For there is a second promise:  that Jesus will return in glory to bring creation to its fruition in the New City, built upon the foundation of the Twelve Apostles of the Lamb, that comes down out of heaven from God (Revelation 20:1–14).  The New Testament portrays a people expectant in the belief that Jesus’ return is imminent.    Paul must assure the Thessalonians that those who have already departed will rise with those who will be alive when Jesus returns (I Thessalonians 4:13–18).   The author of the Gospel of John must correct the widespread belief that Jesus would return before the death of the Beloved Disciple (21:20-23).  Peter must answer those who ask, “Where is the promise of his coming?   All things go on as they have since the foundation of the world” (I Peter 3:4–9).  To this Peter replies that to God one day is as a thousand years; that God is not slow as we count slowness, but is forbearing and merciful, “not wishing that any should perish but that all should reach repentance.”

As it would develop in the life of the Church the Pentecostal presence in human hearts resulted in an unshakeable certainty that in God’s time Jesus’ promise that He would return will be fulfilled, so that after two thousand years Christians say Sunday by Sunday:  “He will return in glory to judge the living and the dead.”  Hearts possessed of the firstfruits, in whose hearts the Spirit dwells, do not doubt.   Whether that return will be tomorrow or after endless ages no man knows, but He will return, like a thief in the night, when we least expect him.

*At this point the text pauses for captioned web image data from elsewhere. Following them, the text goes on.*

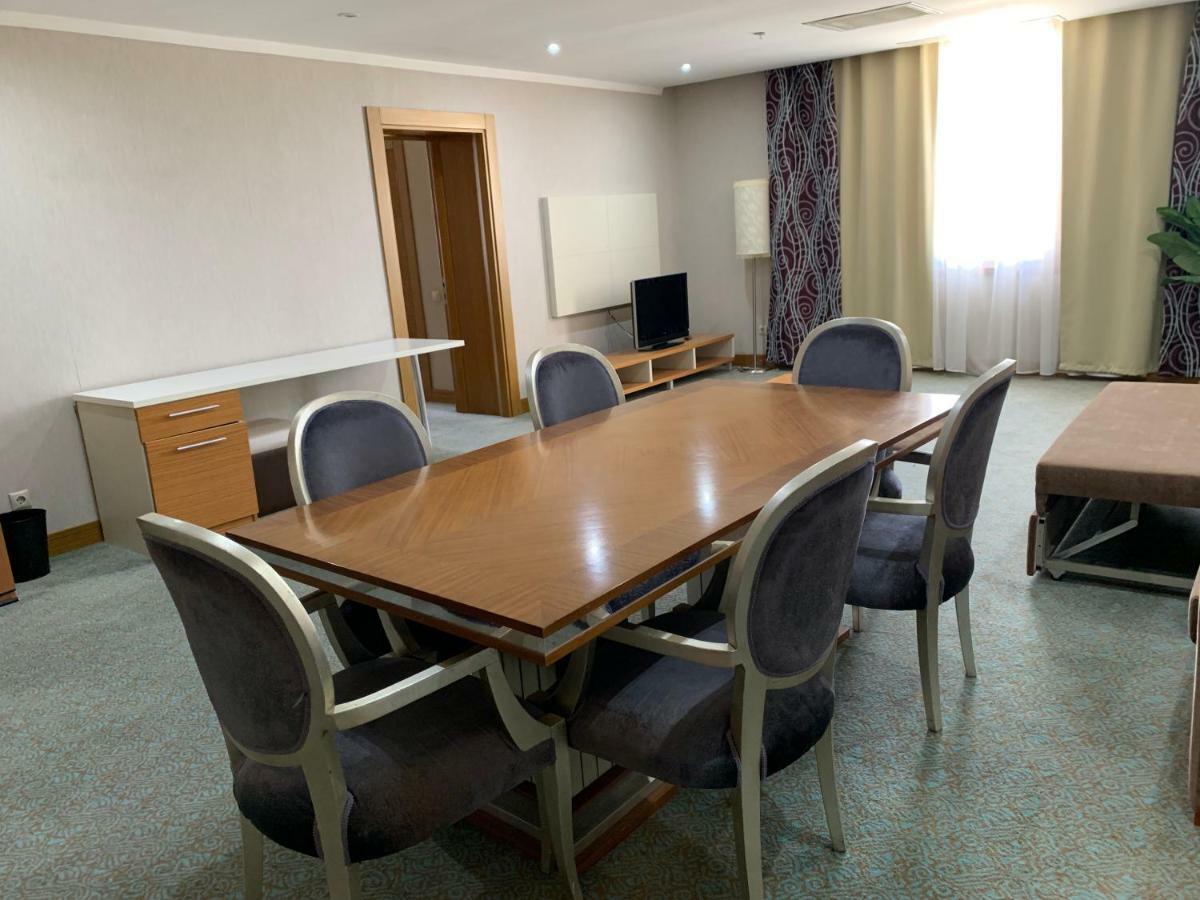 Grand Nur Plaza Hotel Aqtau Buitenkant foto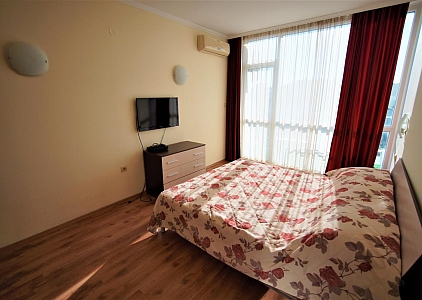 Меблированная двухкомнатная квартира в Несебре на первой линии. Photo 5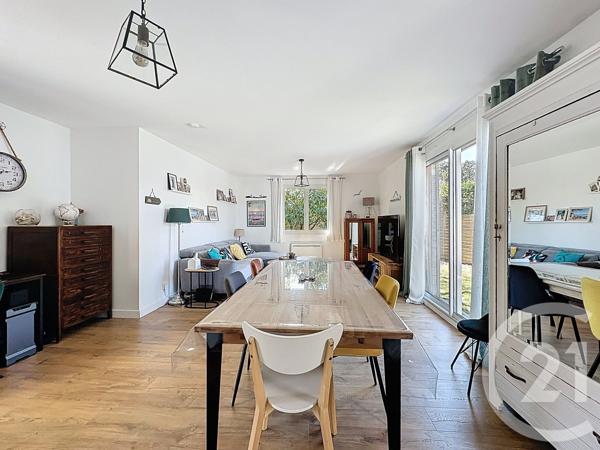 Maison à vendre  4 pièces - 94,45 m 2   GUJAN MESTRAS  - 33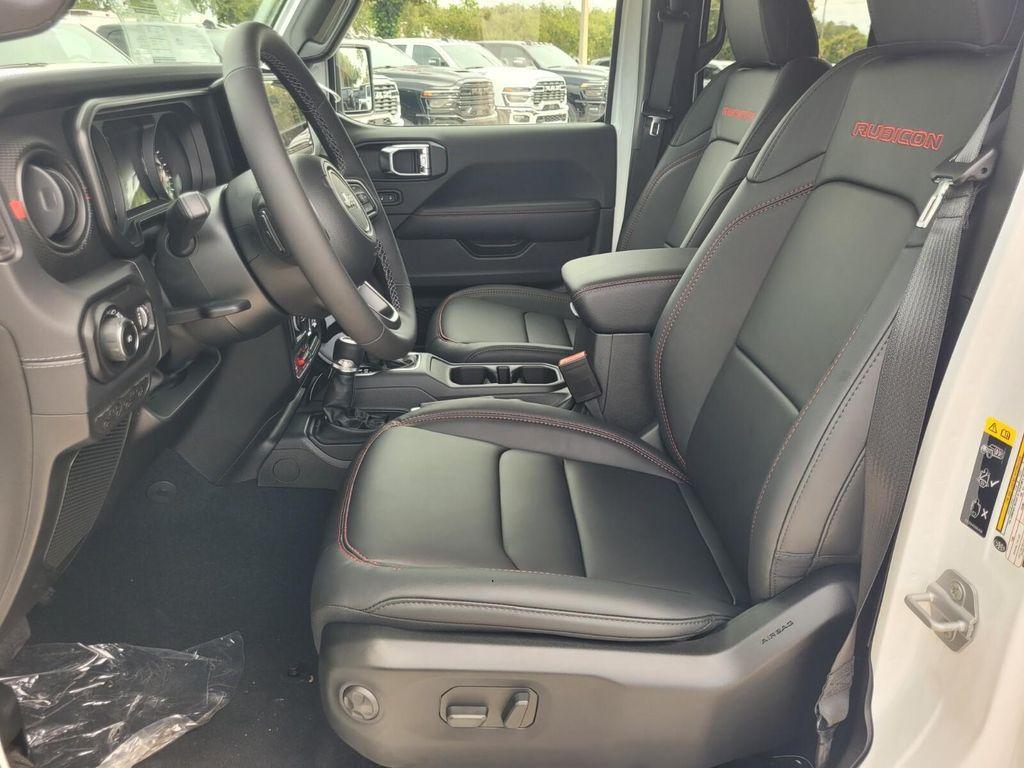 new 2025 Jeep Wrangler car, priced at $62,620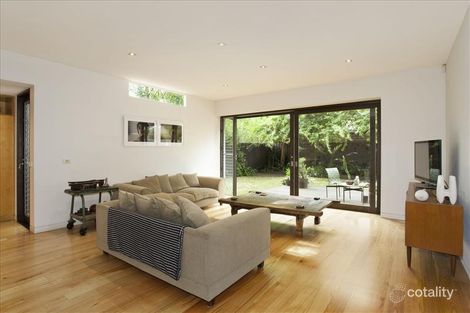 Property photo of 2A Dean Avenue St Kilda East VIC 3183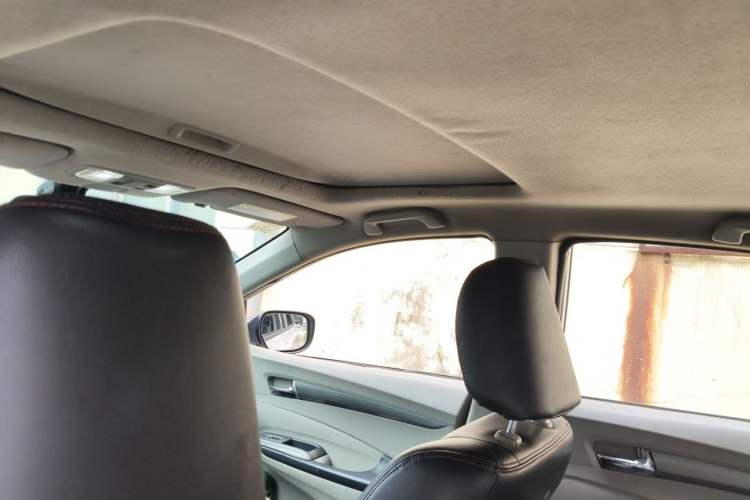 Used Honda City Classic 2012 1.5L manual Elite Edition Headliner
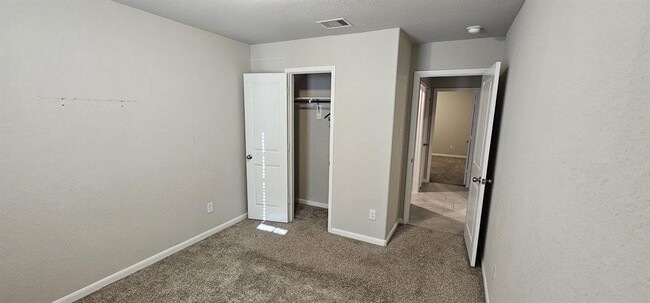 Building Photo - 7519 Highland Chase Dr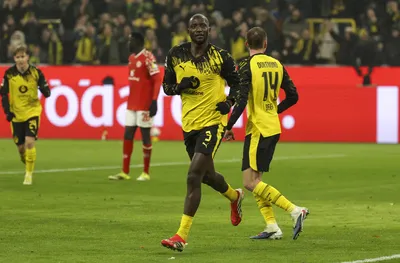 Борусия Дортмунд разнищи Майнц и доближи върха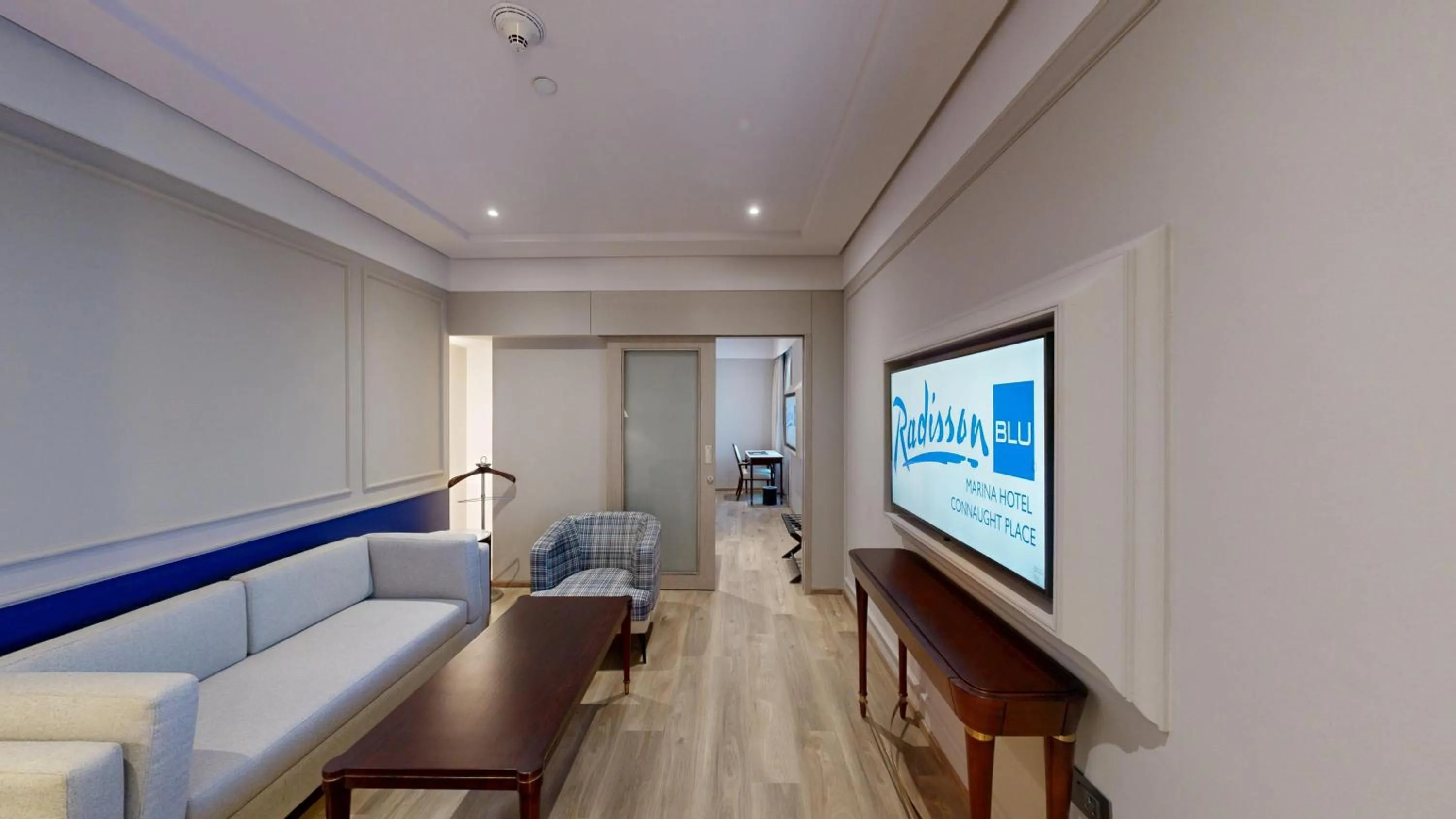 Photo of the whole room in Radisson Blu Marina Hotel Connaught Place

This truth is in its quiet way the hope on which the authentic life of the Spirit-blessed Church ever depends.   It is the illusion of the present age that the world we know is for all practical purposes eternal while our souls die with us.  Saint Peter reminds his readers that “the heavens will pass away with a loud noise and the elements will be dissolved with fire and the earth and the works that are upon it will be burned up.”  Meanwhile, the words of the Blessed Apostle Peter reach across the years to ask, “Since all these things are thus to be dissolved,” since this sin-soiled world has no future in itself, since its beauty and order are not its own but are borrowed from the world that is coming, “what sort of persons ought you to be in lives of holiness and godliness, waiting for and eagerly anticipating the coming of the Day of God?”